Although these improvements have led to increased submissions, growing website traffic, and expanded international reach, TIO has several milestones to cross.
In response to an internal review by a knowledgeable consultant to reflect on the status of TIO, we changed the Instructions for Authors (IFA) in January 2019 to be more consistent and reflect the style of the journal we envision. To enforce these changes, submissions are checked for adherence to more stringent requirements before sending out for review.
The number of unsolicited submissions and limitations of pages after symposia has led to a large backlog and extended publication delays. To help reduce the backlog and time to publication for our authors and readers, we published 2 issues in 2021 that were composed of unsolicited papers without any symposium.
These symposium-free issues provided an inadvertent experiment. During this year, the website traffic grew. Associate editors continued stringent peer review and increased rejections. The acceptance rate of unsolicited papers was 55%. The continued success of publishing unsolicited manuscripts led the publishing team to decide it was time for a major structural change to reduce the number of symposia from 4 to 1 per year and shift the journal composition to primarily unsolicited content.

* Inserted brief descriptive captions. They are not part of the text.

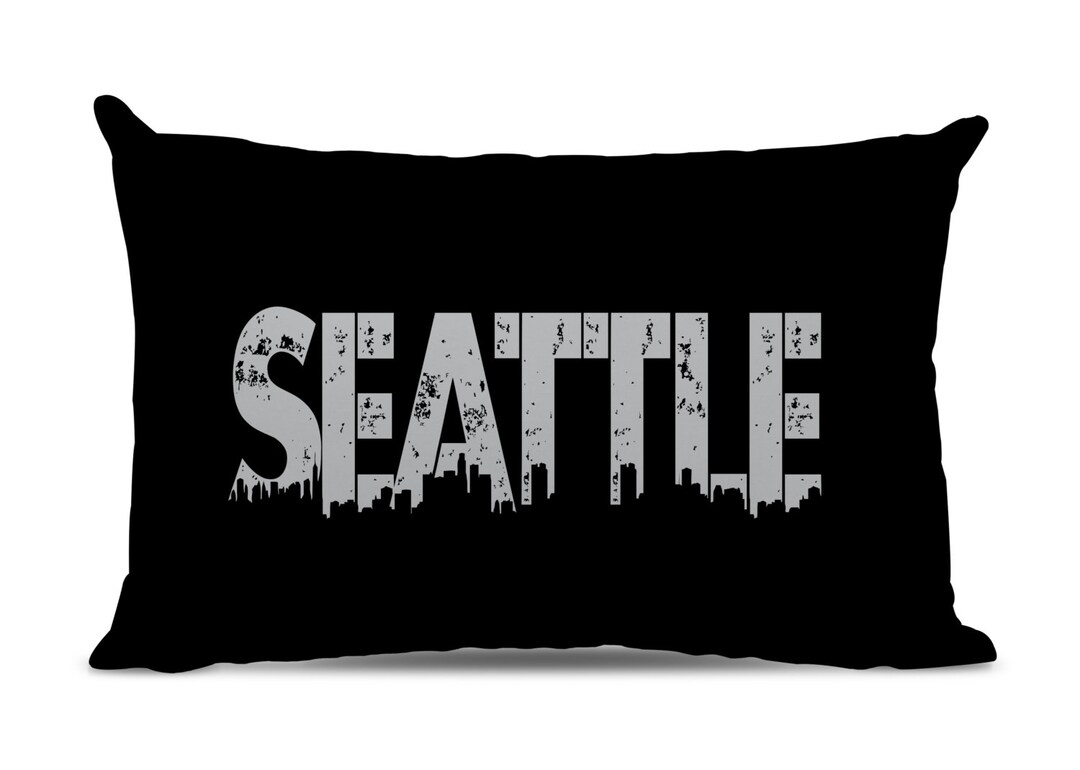 Seattle Pillow Seattle Skyline Pillow City Pillow Urban Etsy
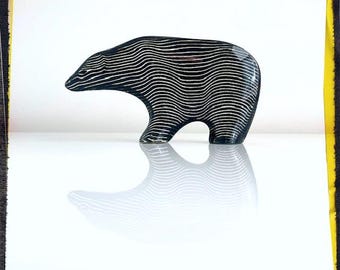 LINEAR! - Vintage 70er Jahre PAL Abraham Palatnik Artemis Op Art Linear URSO Große Lucite Figur Brasilien Mid Century Mod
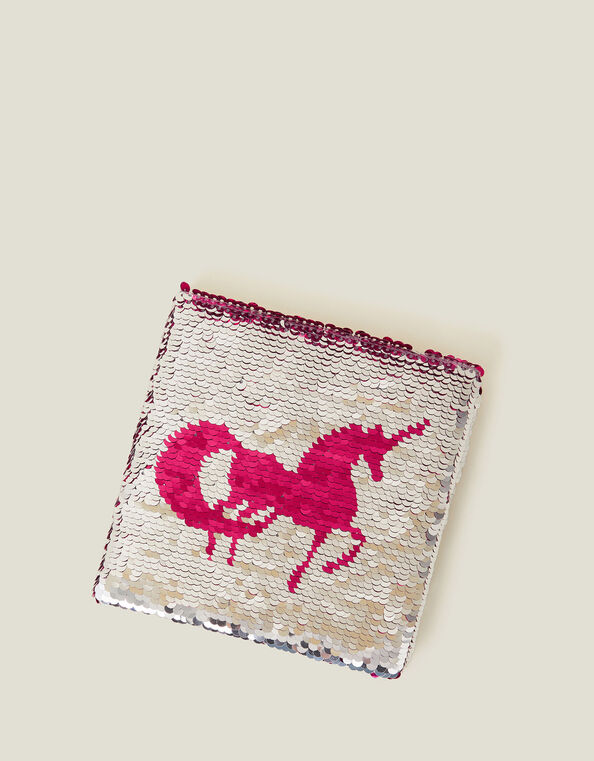 Girls Unicorn Sequin Notebook, , large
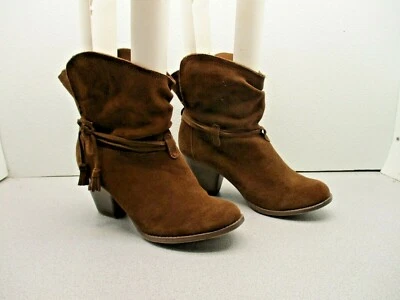 Botines Bakers "Defiant" Cuero Marrón Holgado Borla Detalle WMS TALLA 10 Foto 1 de 4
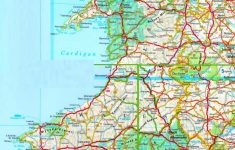 Detailed Map Of Wales - Printable Map Of Wales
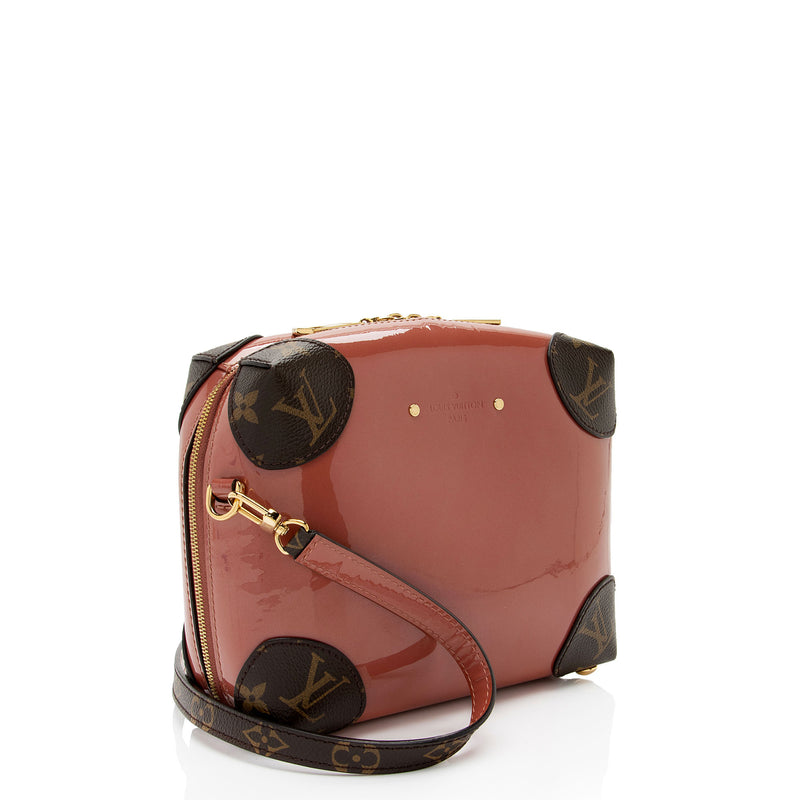 Louis Vuitton Miroir Patent Leather Venice Shoulder Bag (SHF-ZDUV9d)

For the once-a-year symposium, I am thinking that instead of the traditional topic focus, we should switch to a collection of papers highlighting the most significant hot new technologic, scientific, surgical trends in orthopaedics. I would reach out to the associate editors for advice on their subspecialties, including selection of topics and recommendations for authors. This could include one or more of the health policy, regulatory, ethical, financial, business articles.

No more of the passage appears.